2024-05-09 14:00:05 JPM redakcja1 K

Amerykanka ukryła swoją ciążę przed swoim telefonem – przez pięć miesięcy oszukiwała Google’a i Instagram w ramach eksperymentu

W jesieni 2022 roku pisarka i dziennikarka Gia Tolentino dowiedziała się, że jest w ciąży, i postanowiła ukryć to przed swoim telefonem.

Shelton Leipzig była “zszokowana” wynikami eksperymentu. Zdjęcie: pixabay.com.

Chciała przeprowadzić eksperyment, aby nie ujawniać swoich danych osobowych przed władzami, marketerami internetowymi i technologicznymi gigantami. Tolentino ustaliła pewne zasady i z mężem zaczęli mniej korzystać ze smartfonów, co pozwoliło im oszukiwać algorytmy przez pięć miesięcy. Tolentino chciała nie tylko oszukać algorytmy, ale także zminimalizować ingerencję technologii w swoje życie i życie przyszłego dziecka. Jednak eksperyment przyniósł odwrotne skutki – uzależniła się od aplikacji do śledzenia dziecka. Publikacja “Cold” opowiada o eksperymencie Tolentino.

Duże firmy technologiczne zarabiają miliardy dolarów na sprzedaży anonimowych danych osobowych. Na przykład w sierpniu 2022 roku korporacja Mozilla sprawdziła 23 aplikacje dotyczące ciąży i śledzenia cyklu, odkrywając, że 18 z nich mogło udostępniać osobom trzecim informacje o adresach IP i danych medycznych swoich użytkowników.

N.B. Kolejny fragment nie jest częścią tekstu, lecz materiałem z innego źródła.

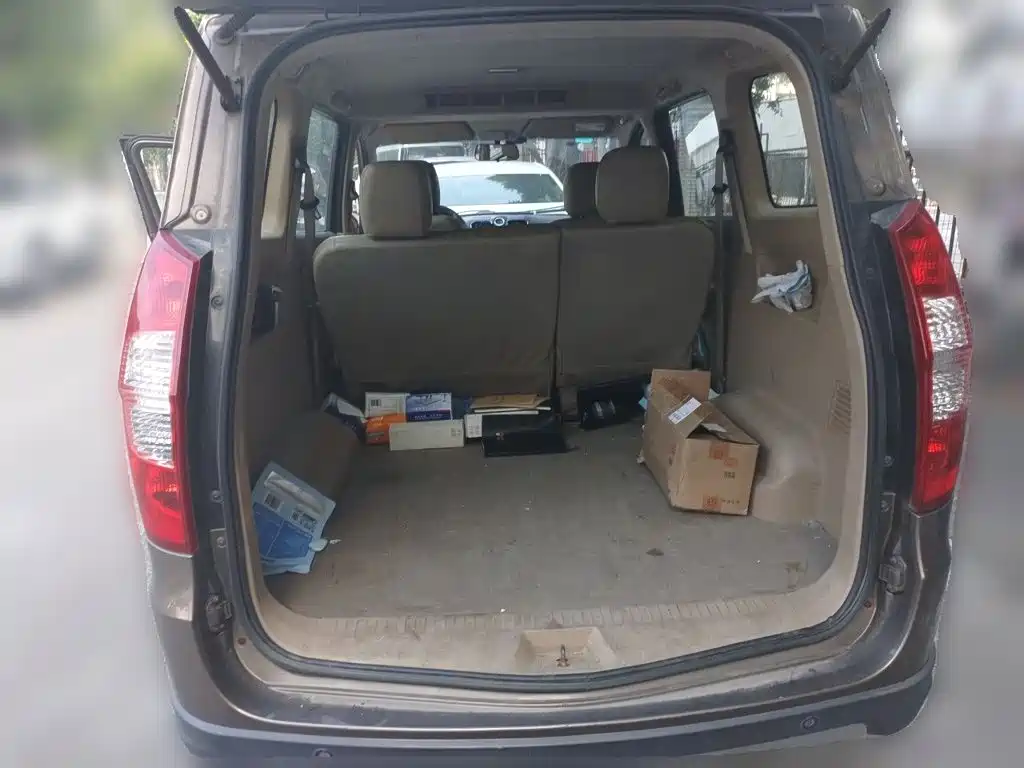 Wuling Hongguang — миниатюра 20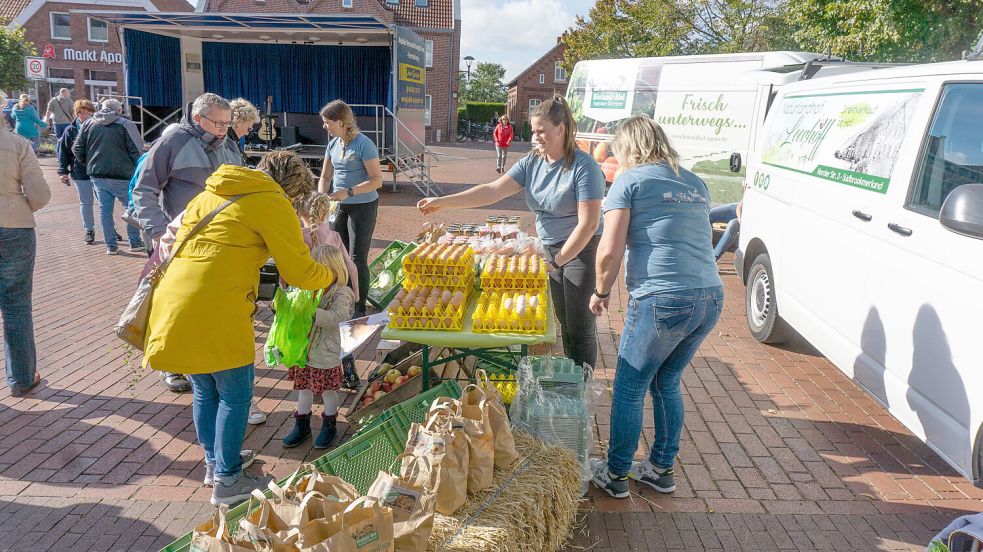 Auf dem Herbstmarkt in Marienhafe wurden verschiedene landwirtschaftliche Erzeugnisse angeboten. Foto: Folkert Bents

Korzystając z treści na stronach internetowych i korzystając z aplikacji mobilnych, użytkownicy generują wiele danych o sobie (informacje o zakupach, finansach, zainteresowaniach, lokalizacji itp.), które przede wszystkim Google i Meta agregują i wykorzystują do generowania reklam kontekstowych. Wolumen danych tylko o lokalizacji szacuje się na 18,5 miliarda dolarów, a ogólny wolumen informacji jest na tyle duży, że tylko w USA co godzinę rejestrowanych jest ponad miliard przypadków przekazywania danych o użytkownikach.

Dostęp do tych informacji łatwo mogą uzyskać firmy, a zwłaszcza państwo. W 2020 roku Amerykański Związek Obrony Obywatelskich Wolności (ACLU) złożył pozew przeciwko Departamentowi Bezpieczeństwa Krajowego USA. W trakcie procesu okazało się, że organy ścigania uzyskały dane o lokalizacji milionów ludzi, aby śledzić ich ruchy bez zgody sądu.

Jednak pozostanie niezauważonym dla współczesnych algorytmów mediów społecznościowych i wyszukiwarek jest możliwe. W latach 2013–2014 profesor socjologii Janet Vertesi przeprowadziła udany eksperyment. Korzystając z anonimowej przeglądarki Tor, własnego systemu słów kluczowych i płacąc gotówką za towary, udało jej się ukryć informacje o swojej ciąży aż do samego porodu – nie pojawiały się odpowiednie treści tematyczne ani reklamy w jej przeglądarce i mediach społecznościowych.

Od tamtego czasu algorytmy zostały udoskonalone, a ukrycie ciąży jest teraz trudniejsze, ponieważ informacje o kobiecie w ciąży są niezwykle pożądane dla gigantów technologicznych – dane o jednej kobiecie w ciąży są warte około tyle samo, co informacje o 200 zwykłych ludziach – wszystko przez pieniądze, które przyszli rodzice mogą wydać na swoje dziecko.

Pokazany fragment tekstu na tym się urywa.